Agrarminister Schmidt musste dabei die Interessen der Bauern gegen die ambitionierten Verschärfungen von Umweltministerin Barbara Hendricks verteidigen. Diese hat sich nun offenbar mit ihrer Forderung durchgesetzt, dass Hoftorbilanzen eingeführt werden, um die Stickstoffmengen in der Landwirtschaft besser zu erfassen. „Die Hoftorbilanz soll zunächst für größere Betriebe mit hohem Viehbesatz zum 1.1.2018 verpflichtend eingeführt werden“, heißt es.
Konkret bedeutet das: Gemessen werden künftig die Stickstoffmengen, die in einen Agrarbetrieb über Dünger oder das Tierfutter hineingelangen. Erfasst wird ebenfalls, was den Hof in Form landwirtschaftlicher Produkte wieder verlässt. Die Differenz, so die Annahme, muss auf dem Acker verblieben sein – und für diesen Stickstoffüberschuss muss ein Grenzwert eingehalten werden.

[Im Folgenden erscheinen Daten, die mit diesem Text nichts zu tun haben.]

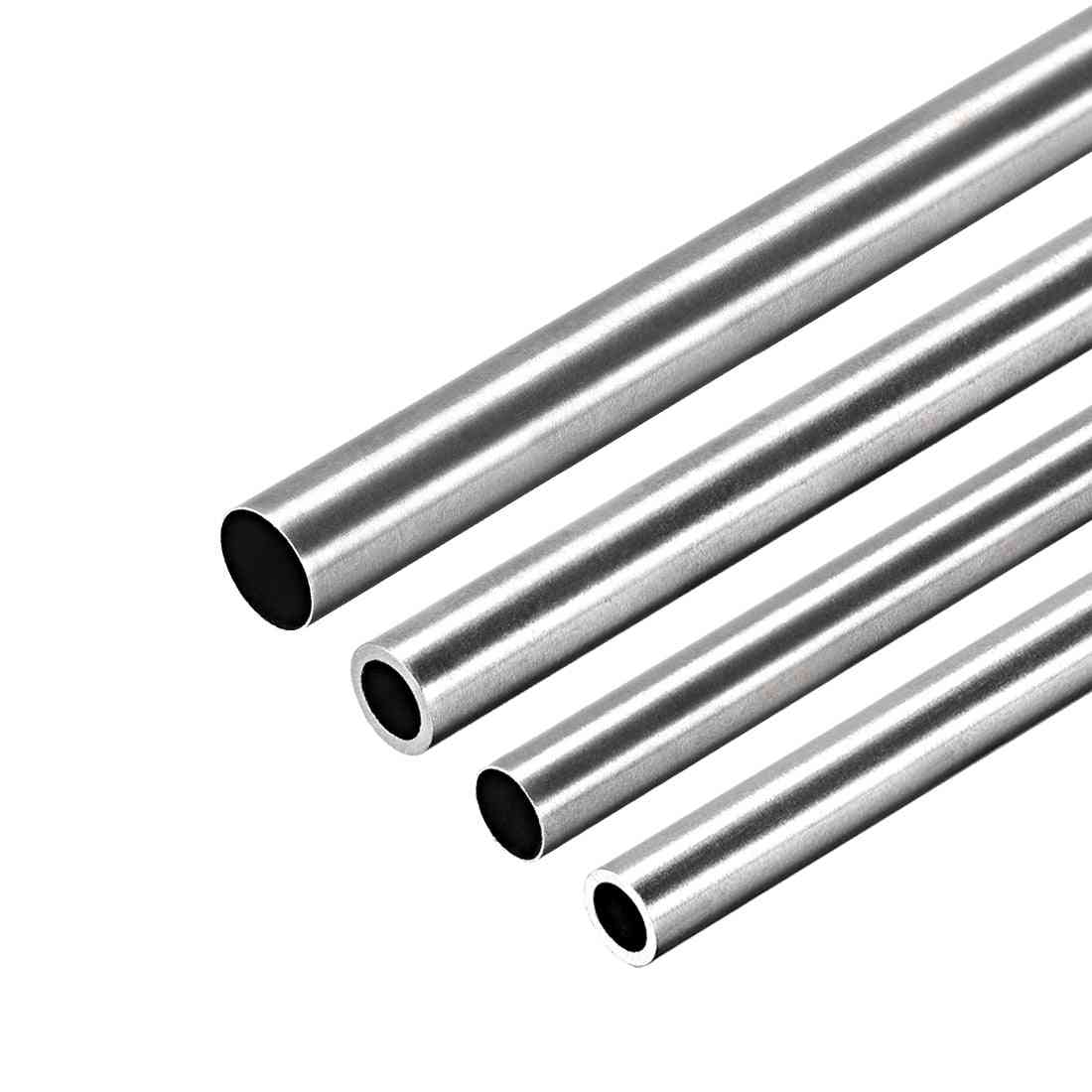 304 Stainless Steel Round Tubing, Seamless Straight Pipe Tube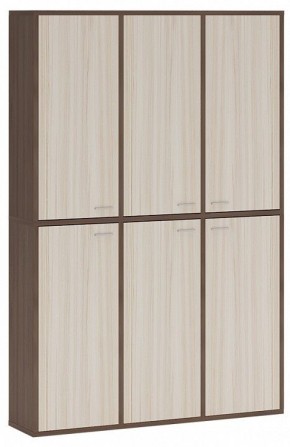 Шкаф книжный Домино СУ(ш3в2)+6ФГ в Агрызе - agryz.ok-mebel.com | фото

Die Hoffnung ist, dass auf diese Weise die Umweltverträglichkeit des Stickstoff-Managements der Höfe besser kontrolliert werden kann. In Schmidts Entwurf war eine solche Bilanz nicht vorgesehen. Er hatte lediglich genau Vorgaben zum Nährstoffbedarf der einzelnen Pflanzen vorgesehen und eine Stickstoffobergrenze von 170 kg je Hektar festgelegt. Nun aber sei die Hoftorbilanz „fest vereinbart“, wie es laut der FAZ aus Regierungskreisen heißt.
Hendricks erfüllt damit den Wunsch der Grünen und des Sachverständigenrates für Umweltfragen der Bundesregierung. Das Bundesagrarministerium war stets gegen Hoftorbilanzen. Ebenso der Bauernverband, der die Neuregelung der Düngeverordnung ohnehin für überflüssig hält. Laut Verbandspräsident Rukwied habe sich die bisherige Verordnung bewährt.
Und sonst?
In Schmidts Entwurf ist nun außerdem eine Verlängerung der Sperrfristen für die Ausbringung von Wirtschaftsdüngern vorgesehen. Geplant war ebenfalls, dass künftig alle Gärreste aus Biogasanlagen bei der Stickstoffobergrenze von 170 kg mitzählen. Auch größere Lagerkapazitäten für Gülle sind vorgesehen. Nun kommt Deutschland Brüssel auch noch entgegen bei Flächen, die eine bestimmte Neigung haben. Hier sollen strengere Regeln gelten, damit die Gülle nicht weggeschwemmt werden kann und im nächsten Gewässer landet. Ein Totalverbot der Düngung ab 15 % Hangneigung will Deutschland allerdings aus Rücksicht auf den Weinbau und die Bergweiden nicht einführen.
Die Bundesregierung führe insgesamt ein „Obergrenzen-System der Stickstoffdüngung“ ein, heißt es in der 28 Seiten langen Stellungnahme, die am 10. September nach Brüssel geschickt wurde.
Hintergrund für die Neuregelung
Hintergrund ist die Aufforderung der EU-Kommission, die EG-Nitratrichtlinie einzuhalten. Vor allem in Regionen mit intensiver Landwirtschaft würden die Nitratkonzentrationen in den Gewässern die Grenze von 50 mg je Liter teilweise deutlich überschreiten, so die Beamten aus Brüssel. Ihrer Ansicht nach bemüht sich die Bundesregierung nicht um Verbesserungen. Nach mehrmaliger Androhung eines Vertragsverletzungsverfahrens müssen die Bauern nun in den sauren Apfel beißen.
Das Thünen-Institut rechnet damit, dass die neuen Düngeregeln hierzulande den Stickstoffüberschuss um 15 bis 20 % verringern können. In Kraft treten soll die neue Verordnung Anfang nächsten Jahres.